DIN-Normen 2023-11-09T23:00:00Z Barrierefreie Aufzüge nach DIN 18040 und DIN EN 81-70 | Was gilt?

Kontroverse Diskussionen zur Auslegung der Anforderungen an barrierefreie Aufzüge nach DIN 18040 und DIN EN 81-70

Zu Größe und Ausstattung barrierefreier Aufzüge gibt es viele Fragen. Hintergrund sind zwei nicht aufeinander abgestimmte Normenreihen, die unterschiedliche Interpretationen zulassen.Die eher knapp gefasste DIN 18040 für Barrierefreies Bauen verweist auf das detaillierte Regelwerk der Aufzugsnorm DIN EN 81-70. Anders gesagt: eine schutzzielorientierte Norm verweist auf eine Produktnorm. Hinzu kommt, dass es datierte und undatierte Verweise gibt, so dass bei der Anwendung unterschiedliche Ausgabedaten der DIN EN 81-70 berücksichtigt werden müssen. Das macht es für alle Beteiligten bei Planung und Ausschreibung nicht gerade einfach.

Unterschiedliche Messregeln

DIN 18040 geht grundsätzlich von Fertigmaßen z. B. der Aufzugskabine aus, während nach DIN EN 81-70 die Fahrkorbabmessungen „zwischen den Struk­turelementen“ gemessen werden und zusätzlich eingeschränkt werden dürfen, durch z. B. Bekleidungen, Handläufe, quergeneigte Bedientableaus, Radabweiser oder Rammschutz.

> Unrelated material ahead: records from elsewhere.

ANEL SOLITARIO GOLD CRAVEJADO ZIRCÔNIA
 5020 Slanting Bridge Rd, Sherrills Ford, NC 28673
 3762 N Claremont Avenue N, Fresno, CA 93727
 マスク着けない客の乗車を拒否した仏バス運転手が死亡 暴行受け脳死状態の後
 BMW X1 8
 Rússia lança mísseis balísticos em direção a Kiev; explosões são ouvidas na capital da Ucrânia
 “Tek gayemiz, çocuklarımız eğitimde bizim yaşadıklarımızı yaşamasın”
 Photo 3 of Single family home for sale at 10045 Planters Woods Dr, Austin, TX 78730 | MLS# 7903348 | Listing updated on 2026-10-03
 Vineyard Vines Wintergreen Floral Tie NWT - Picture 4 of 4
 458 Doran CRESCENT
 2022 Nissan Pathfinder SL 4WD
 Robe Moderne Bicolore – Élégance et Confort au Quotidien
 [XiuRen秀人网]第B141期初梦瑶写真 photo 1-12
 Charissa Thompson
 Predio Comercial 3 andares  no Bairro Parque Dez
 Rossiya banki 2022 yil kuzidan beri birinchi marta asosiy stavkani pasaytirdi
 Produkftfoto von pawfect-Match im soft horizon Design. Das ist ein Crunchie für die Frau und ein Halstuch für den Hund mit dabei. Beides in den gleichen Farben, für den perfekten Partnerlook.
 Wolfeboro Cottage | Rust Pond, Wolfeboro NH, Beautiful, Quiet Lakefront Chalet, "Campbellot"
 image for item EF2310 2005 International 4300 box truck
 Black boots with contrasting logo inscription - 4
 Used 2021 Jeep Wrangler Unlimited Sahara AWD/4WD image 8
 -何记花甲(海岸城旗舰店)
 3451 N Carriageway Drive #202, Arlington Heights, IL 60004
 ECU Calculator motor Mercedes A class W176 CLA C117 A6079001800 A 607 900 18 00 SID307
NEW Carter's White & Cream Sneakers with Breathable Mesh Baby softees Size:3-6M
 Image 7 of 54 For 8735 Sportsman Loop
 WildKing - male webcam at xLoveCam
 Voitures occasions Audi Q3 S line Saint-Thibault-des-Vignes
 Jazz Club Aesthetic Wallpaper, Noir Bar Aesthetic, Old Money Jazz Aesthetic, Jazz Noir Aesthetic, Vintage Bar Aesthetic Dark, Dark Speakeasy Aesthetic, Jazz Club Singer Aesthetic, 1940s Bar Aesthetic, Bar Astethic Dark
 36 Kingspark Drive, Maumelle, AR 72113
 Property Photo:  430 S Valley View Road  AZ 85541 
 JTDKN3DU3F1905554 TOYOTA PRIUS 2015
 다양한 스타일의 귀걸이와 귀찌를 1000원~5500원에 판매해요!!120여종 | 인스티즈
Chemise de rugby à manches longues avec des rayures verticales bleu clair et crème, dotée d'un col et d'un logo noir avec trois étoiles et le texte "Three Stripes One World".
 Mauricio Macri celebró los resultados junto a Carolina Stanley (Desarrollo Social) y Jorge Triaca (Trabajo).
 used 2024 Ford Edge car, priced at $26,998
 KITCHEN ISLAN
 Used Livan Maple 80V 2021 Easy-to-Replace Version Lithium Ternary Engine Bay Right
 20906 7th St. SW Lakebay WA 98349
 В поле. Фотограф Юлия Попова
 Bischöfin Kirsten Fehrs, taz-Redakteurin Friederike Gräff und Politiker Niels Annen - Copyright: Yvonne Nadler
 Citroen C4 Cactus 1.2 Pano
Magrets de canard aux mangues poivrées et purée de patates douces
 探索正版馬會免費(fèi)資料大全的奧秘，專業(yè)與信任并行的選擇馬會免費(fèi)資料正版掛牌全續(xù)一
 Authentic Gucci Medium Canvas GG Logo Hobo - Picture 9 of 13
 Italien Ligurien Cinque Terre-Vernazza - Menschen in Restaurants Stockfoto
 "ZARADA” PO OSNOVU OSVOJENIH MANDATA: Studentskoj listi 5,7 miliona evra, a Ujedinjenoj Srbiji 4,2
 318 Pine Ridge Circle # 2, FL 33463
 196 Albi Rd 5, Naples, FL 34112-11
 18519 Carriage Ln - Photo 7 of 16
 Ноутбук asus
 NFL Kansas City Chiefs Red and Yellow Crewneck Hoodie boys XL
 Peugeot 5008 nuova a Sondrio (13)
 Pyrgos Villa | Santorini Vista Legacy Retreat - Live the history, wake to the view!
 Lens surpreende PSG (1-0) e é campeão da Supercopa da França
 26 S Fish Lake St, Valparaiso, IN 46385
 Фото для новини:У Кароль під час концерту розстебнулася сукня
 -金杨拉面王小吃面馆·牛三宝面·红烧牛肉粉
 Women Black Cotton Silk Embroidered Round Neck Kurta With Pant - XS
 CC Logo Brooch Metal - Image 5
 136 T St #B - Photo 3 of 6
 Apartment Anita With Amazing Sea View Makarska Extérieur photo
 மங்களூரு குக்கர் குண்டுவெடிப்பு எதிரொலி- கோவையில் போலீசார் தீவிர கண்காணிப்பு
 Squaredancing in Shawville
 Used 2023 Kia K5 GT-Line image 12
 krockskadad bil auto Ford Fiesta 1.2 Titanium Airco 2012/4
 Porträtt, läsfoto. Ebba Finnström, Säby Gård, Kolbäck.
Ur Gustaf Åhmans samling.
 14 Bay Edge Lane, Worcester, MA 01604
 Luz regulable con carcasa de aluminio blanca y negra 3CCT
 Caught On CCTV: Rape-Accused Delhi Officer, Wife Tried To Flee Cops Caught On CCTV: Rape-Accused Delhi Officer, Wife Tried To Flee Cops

Wenn DIN 18040 mit Verweis auf Typ 2 eine Kabinengröße von 1,10 m x 1,40 m fordert, ist damit eine lichte, uneingeschränkt nutzbare Kabinengröße gemeint. Nach den Messregeln der DIN EN 81-70 bekommt man jedoch je nach gewählter Ausstattungsvariante u. U. eine deutlich kleinere Kabine. Im Sinne der DIN 18040 wäre die Barrierefreiheit dann nicht mehr gegeben.

Abweichende Grundannahmen

Skizze mit unterschiedlichen Aufzugstypen und der erforderlichen Bewegungsfläche
Aufzugstypen nach DIN EN 81-70 inkl. Darstellung der erforderliche Flächen für Rollstuhlnutzer und stehende Personen (Quelle: Atlas barrierefrei bauen)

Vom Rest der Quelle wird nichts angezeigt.